Work required → What you return should be only the lines in the entries below between the one holding "Papel de Arroz" and the one holding "Lancaster County Pennsylvania", ends included, with every picture left out.

---------- Provided data

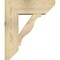 Ekena Millwork Funston Slat Rough Sawn Bracket w/ Offset Brace, Douglas Fir, 8"W x 22"D x 26"H BKT0806X22X26FST06RDF - alternate 2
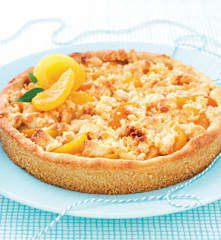 Torta alle albicocche con crumble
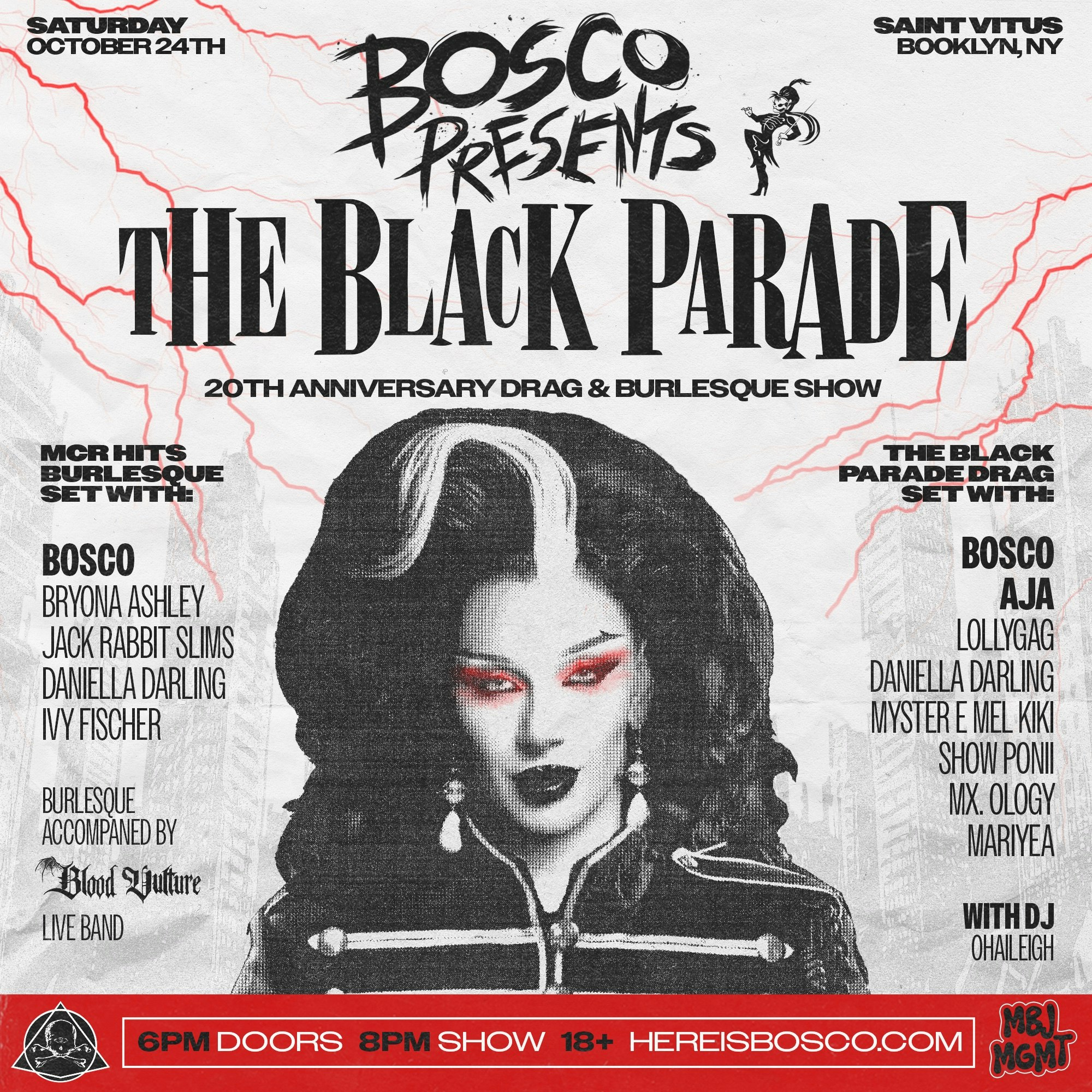 Bosco: The Black Parade Drag + Burlesque Show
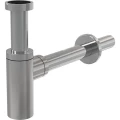 Сифон для умывальника бутылочный Alca Plast DESIGN A400 1 1/4″x32 с прямой трубкой Сифон для умывальника бутылочный Alca Plast DESIGN A400 1 1/4″x32 с прямой трубкой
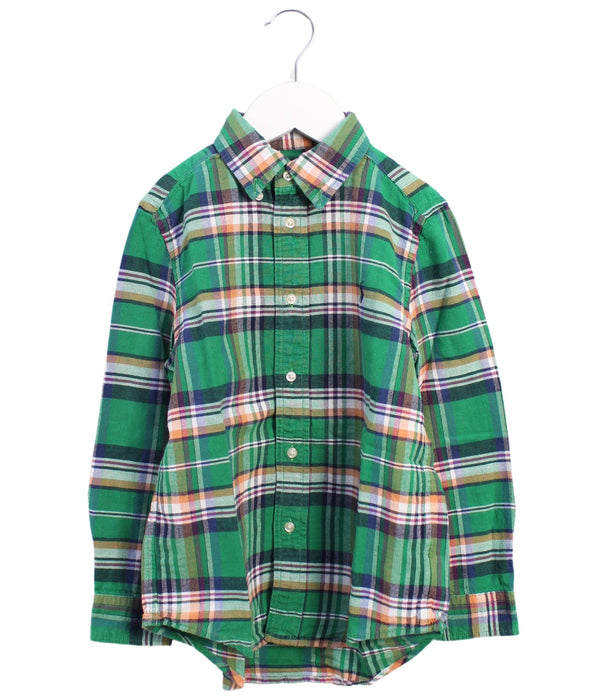 A Green Shirts from Ralph Lauren in size 6T for boy. (Front View)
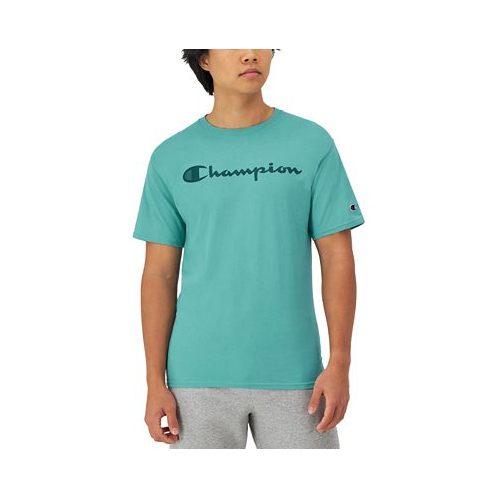 Champion Mens Script Logo T-Shirt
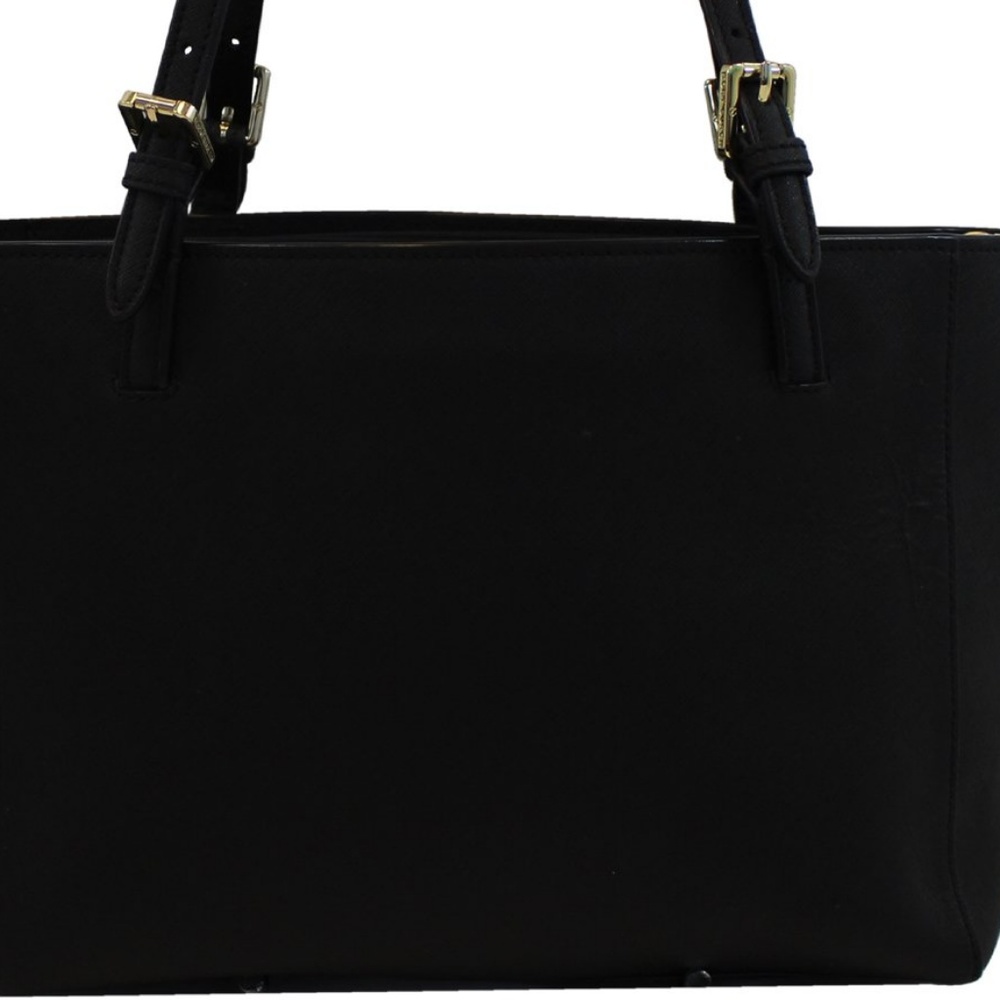 TORY BURCH York Black Leather Tote Small Bag - Picture 3 of 8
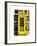 Red Phone Booth painted Yellow in London - City of London - UK - England - United Kingdom - Europe-Philippe Hugonnard-Framed Art Print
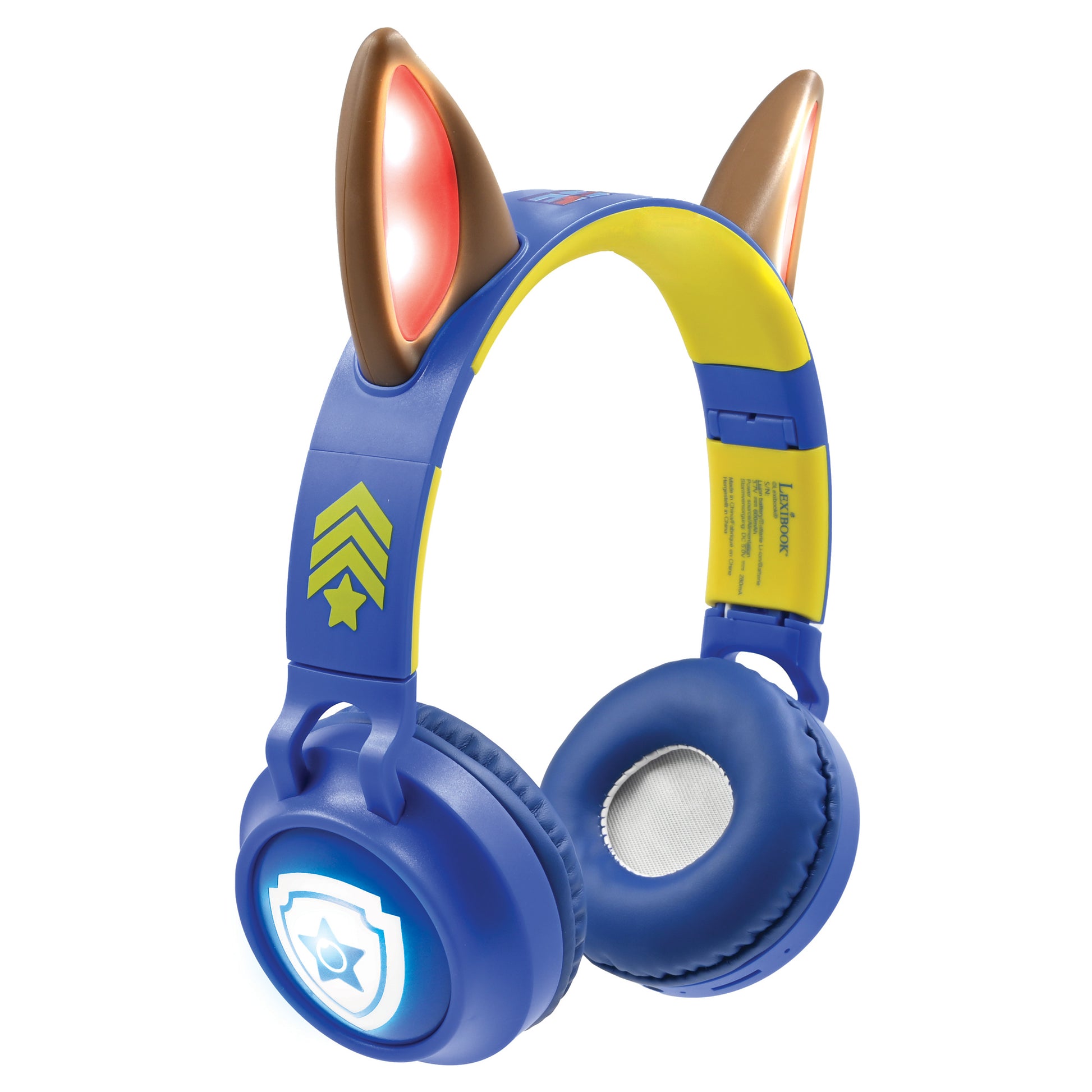 Lexibook PAW Patrol HPBT015PA – 2-in-1 faltbare Kopfhörer – Bluetooth, mit Mikrofon, 3,5 mm, USB-C – Rot/Gelb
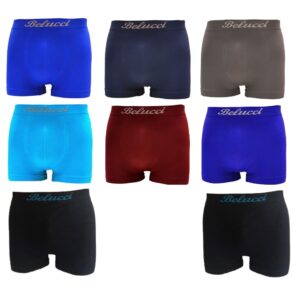 Herenboxershorts Belucci naadloos gekleurd 8 Pack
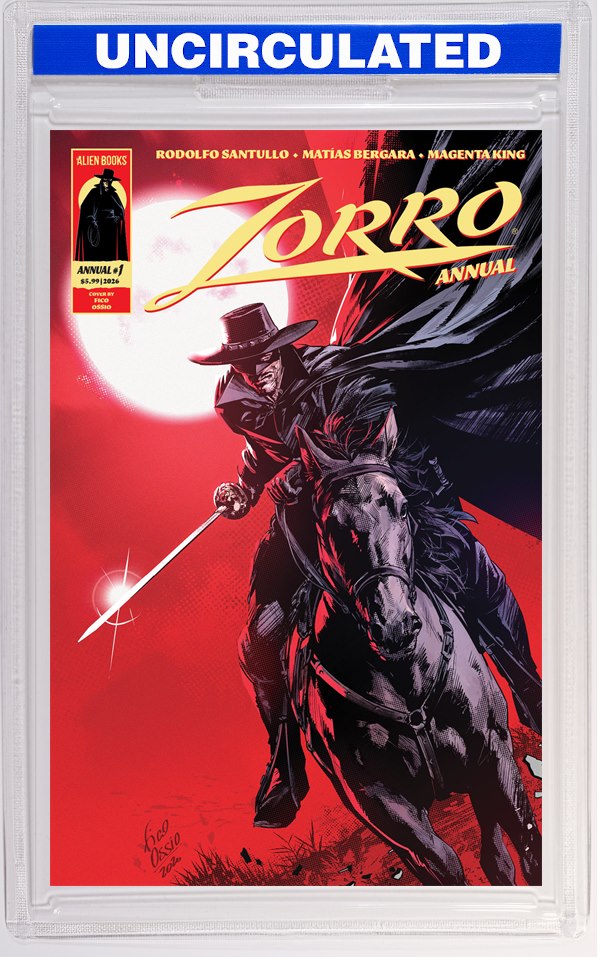 Zorro Annual #1 Variant B (Ossio)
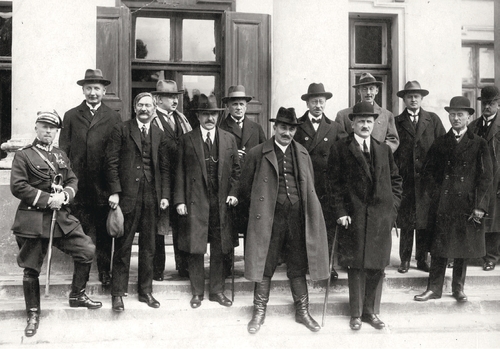 Premier Wincenty Witos i członkowie jego rządu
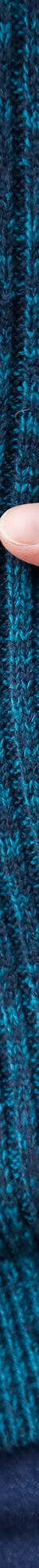 Gilet col montant zippé en tricot, corps doublé polaire (bleu canard mouliné) Gilet col montant zippé en tricot, corps doublé polaire (bleu canard mouliné)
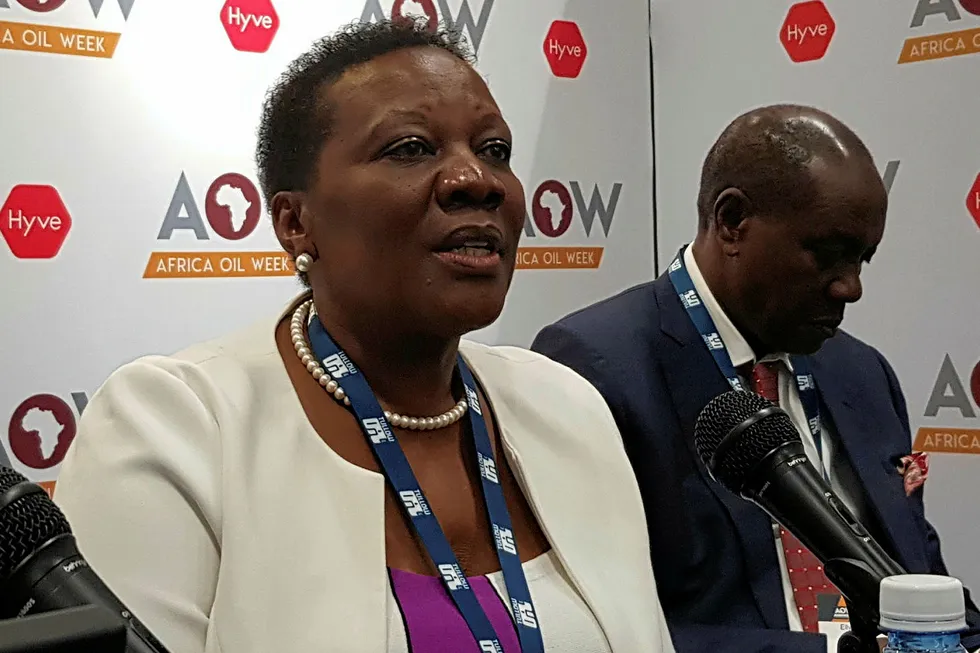 Solution offered: Ugandan Minister Irene Muloni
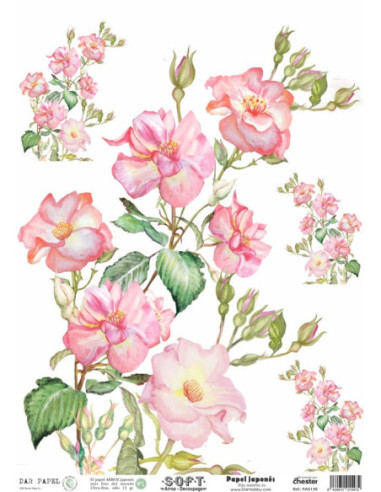 Papel de Arroz Soft 30x41cm. Decoupage PA5136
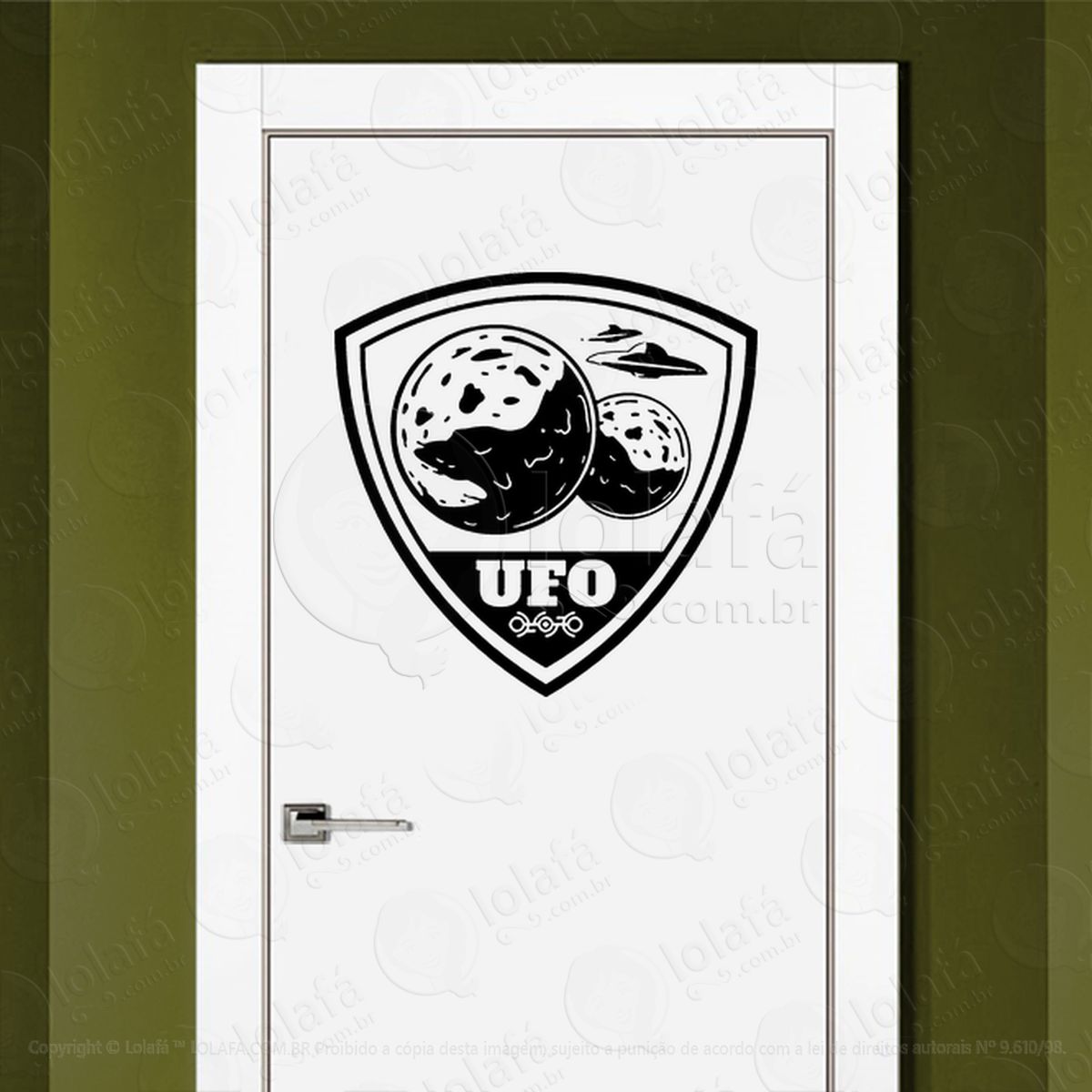 ufo brasão ovni adesivos alienígenas intergalácticos mod:400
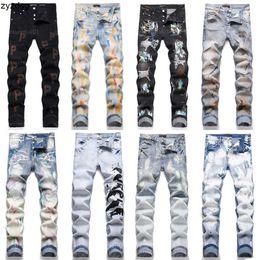 jeans roxos jeans jeans para calças de jeans de homem masculino jean skinny hip hop pintura spray de streetwear de rua calça calça de perna roxa de calça de perna preta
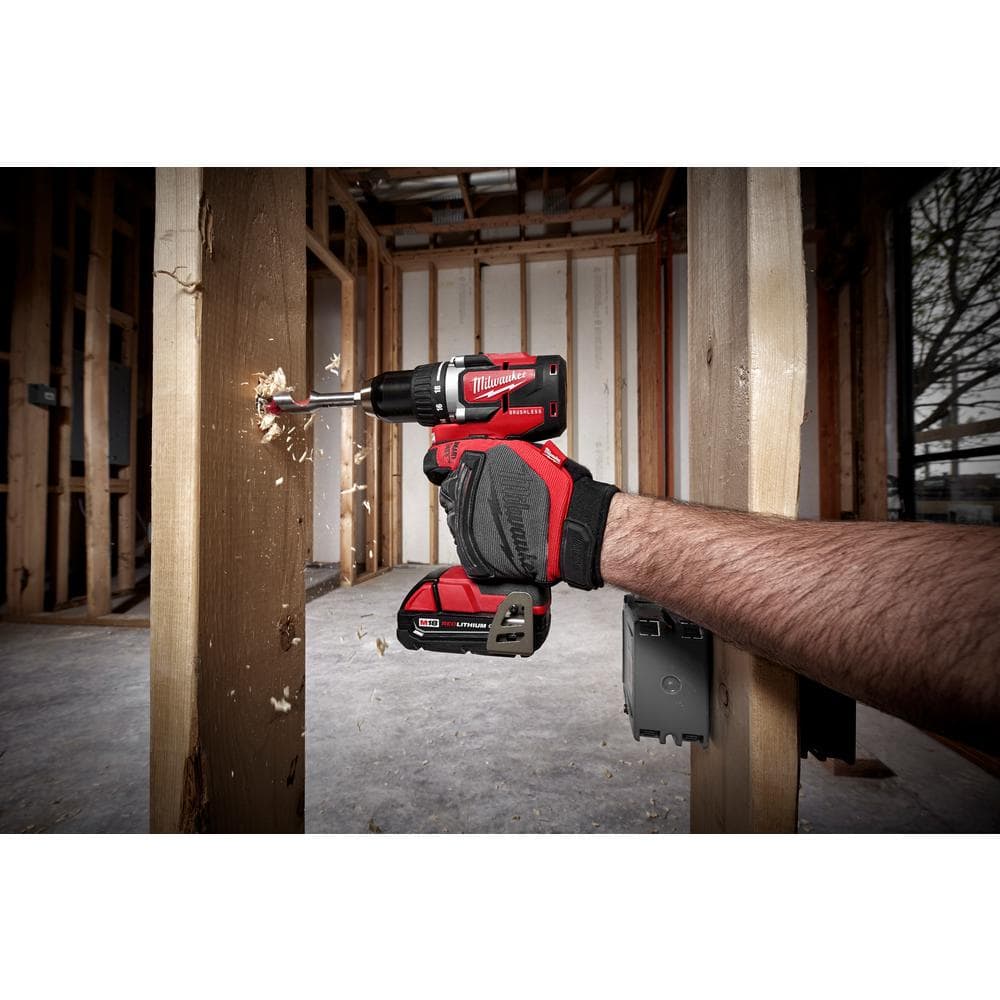M18 18V Lithium-Ion Brushless Cordless Compact Drill/Impact Combo Kit (2-Tool) W/ (2) 2.0Ah Batteries, Charger & Bag 2892-22CT - image 5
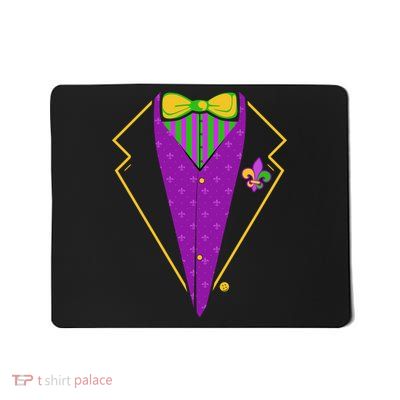 Mardi Gras Party Tux Mousepad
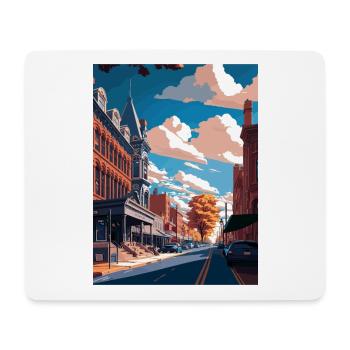 Lancaster County Pennsylvania Reiseposter - Mousepad (Querformat) - Weiß - Vorne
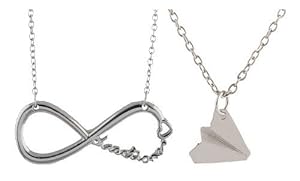 One Direction Infinity und Aeroplane Halsketten. 2 pack in GeschenktŸten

--------------------

Solution to the exercise →
 Papel de Arroz Soft 30x41cm. Decoupage PA5136
 ufo brasão ovni adesivos alienígenas intergalácticos mod:400
 jeans roxos jeans jeans para calças de jeans de homem masculino jean skinny hip hop pintura spray de streetwear de rua calça calça de perna roxa de calça de perna preta
M18 18V Lithium-Ion Brushless Cordless Compact Drill/Impact Combo Kit (2-Tool) W/ (2) 2.0Ah Batteries, Charger & Bag 2892-22CT - image 5
 Mardi Gras Party Tux Mousepad
 Lancaster County Pennsylvania Reiseposter - Mousepad (Querformat) - Weiß - Vorne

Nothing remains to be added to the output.